LAMARKISM IN THE SMITHSONIAN or FIRE CAUSES BIRTH DEFECTS IN HUMANS
In the article “SPARK OF GENIUS” in the December 2012 issue of Smithsonian, evolutionists claim that fire influenced our biological evolution.
“…fire’s most lasting impact was how our responses to it altered our brains, helping endow us with capabilities such as long term memory and problem solving.”
They suggest that:
Using fire as a light led to a “profound change in how our brains regulate time.” This is because it allowed us to stay awake longer.
“…fire altered the quality of sleep.” Apparently, fire kept predators from disturbing our sleep thereby producing a more productive REM sleep. That’s provided that the other cavemen weren’t up all night talking around the campfire. But then if the ones that wanted to sleep went off where it was quiet doesn’t that negate the protection of a fire.
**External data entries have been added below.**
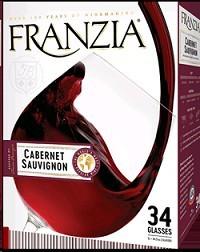 Franzia - Cabernet Sauvignon NV (5L) (5L)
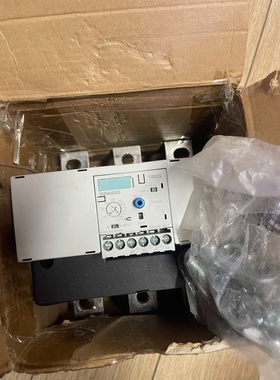 3RB2066-2MC2西门子新品原装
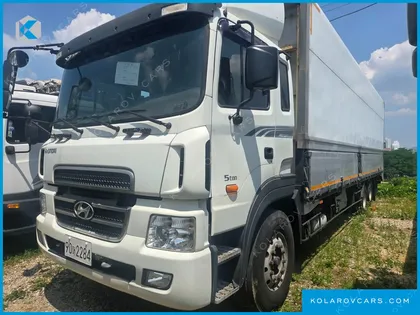 HYUNDAI MEGA TRUCK WIDECAP GOLD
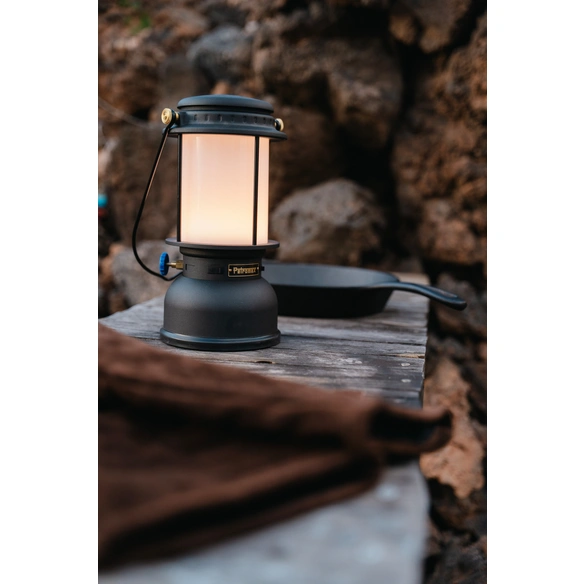 LED Laterne »LM500«, schwarz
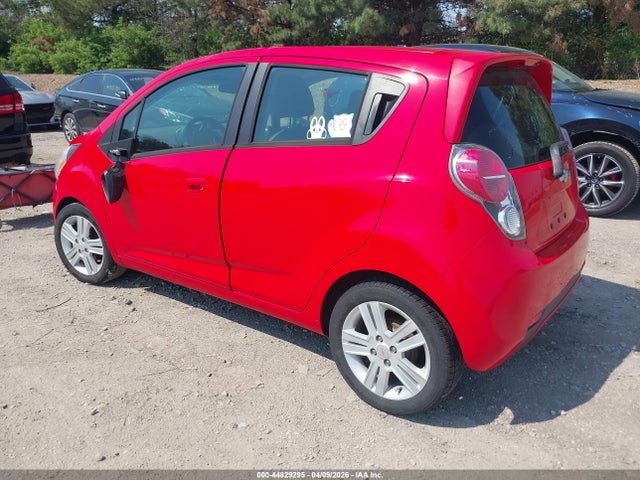 Aukcja sprzedaży 2015 Chevrolet Spark 1lt Cvt, vin: KL8CD6S98FC725099, numer aukcji: 44829295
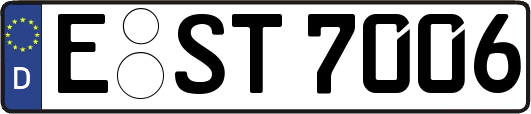 E-ST7006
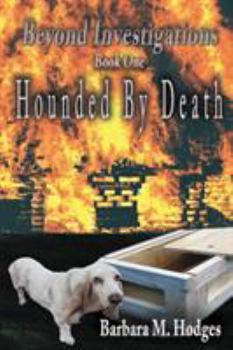 Paperback Hounded by Death Book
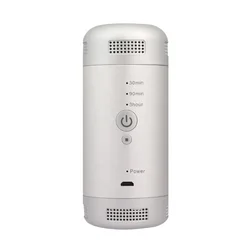 Portable Vehicle Air Purifier For Bedroom/hotel/home Mini Car Air Purifiers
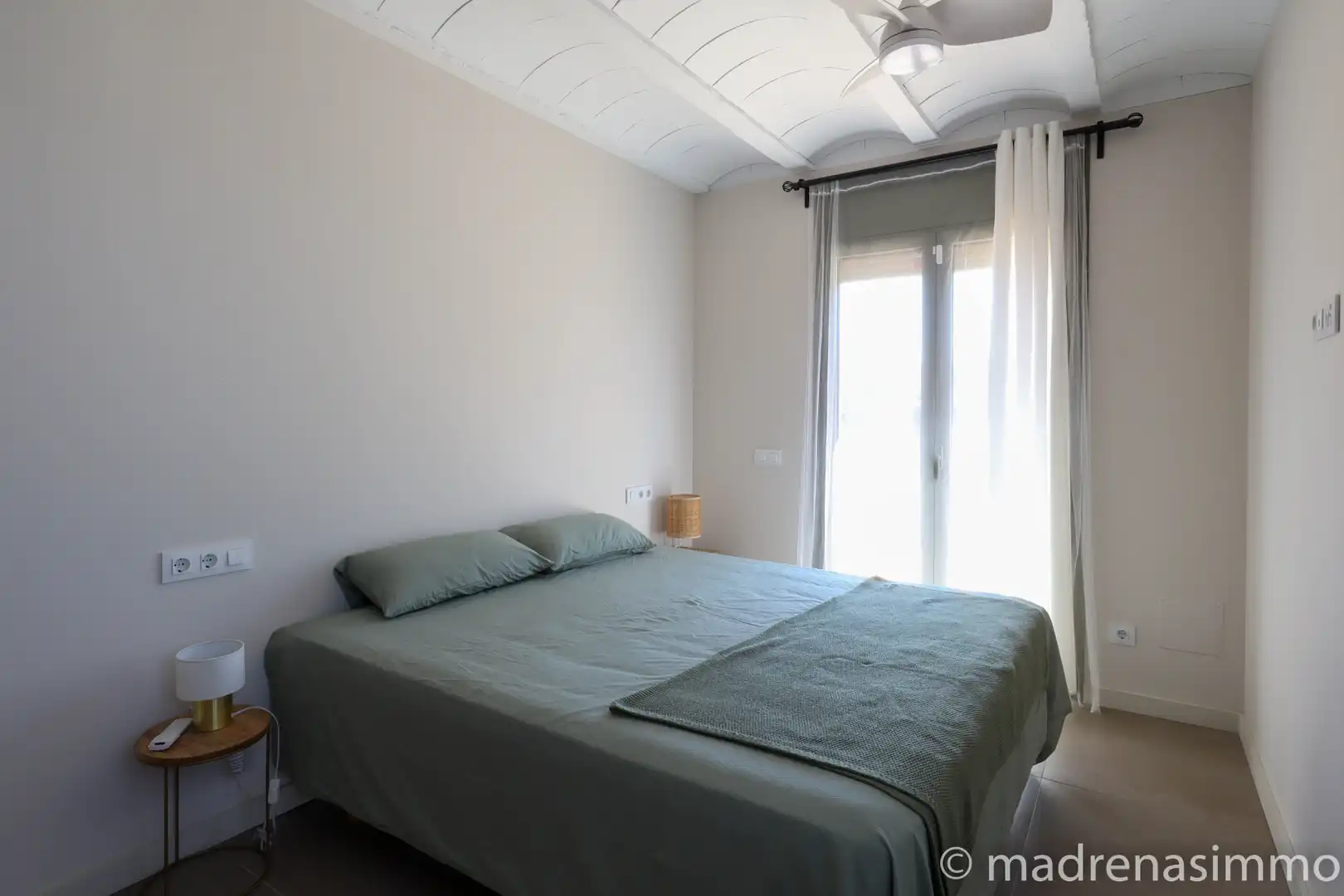 Habitación de Casa o chalet de alquiler en Ultramort con Aire acondicionado, Calefacción y Jardín privado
Just theorizing.
This would also be similar to connecting softer mattresses and pillows to the renaissance.
They also tell us that:
“Fire might also have improved our ability to think about many things at once and relate them to one another.” Staring at fire enhanced our ability to meditate (focusing on one thing) helping us to think about many things. They say that fire provided a focus for meditation helping us regulate our attention and come up with contingency plans. Like how to solve the problem of noisy cavemen vs predators.
Can staring at a flame still cause genetic enhancements? There may be a research grant in someone’s future.
Biologically, in order for a response to fire to do anything to our brains they would have had to somehow affect our genes. But we know that nothing that affects the working of the brain in a caveman’s lifetime would in turn cause changes to the genes that create and regulate the brains of his kids. The idea that fire aided in improving mental abilities in the ways described is Lamarckian. Lamarck, a 19th century evolutionist, believed that organisms evolve by inheriting traits developed during their parent’s lifetime. This was easily disproved and has been known to be false for close to 200 years. But it’s still showing up today in the Smithsonian.
How did they test these hypotheses empirically? They haven’t yet. What they did is assume evolution and compared modern humans to modern apes. The differences are assumed to have evolved. That doesn’t start to explain how the changes would have or could have occurred.
They also say that evolution would have favored those that were good at meditating. What would be the quantity of favor per quantity of meditation? How much impact did meditation have on overall fitness in a population of early Humans? They suggest that the Neanderthals couldn’t compete because of these factors. Can you imagine a meditating Neanderthal? Well there you have it. The article is another exercise in evolutionary myth making. It all makes sense, but first you must believe.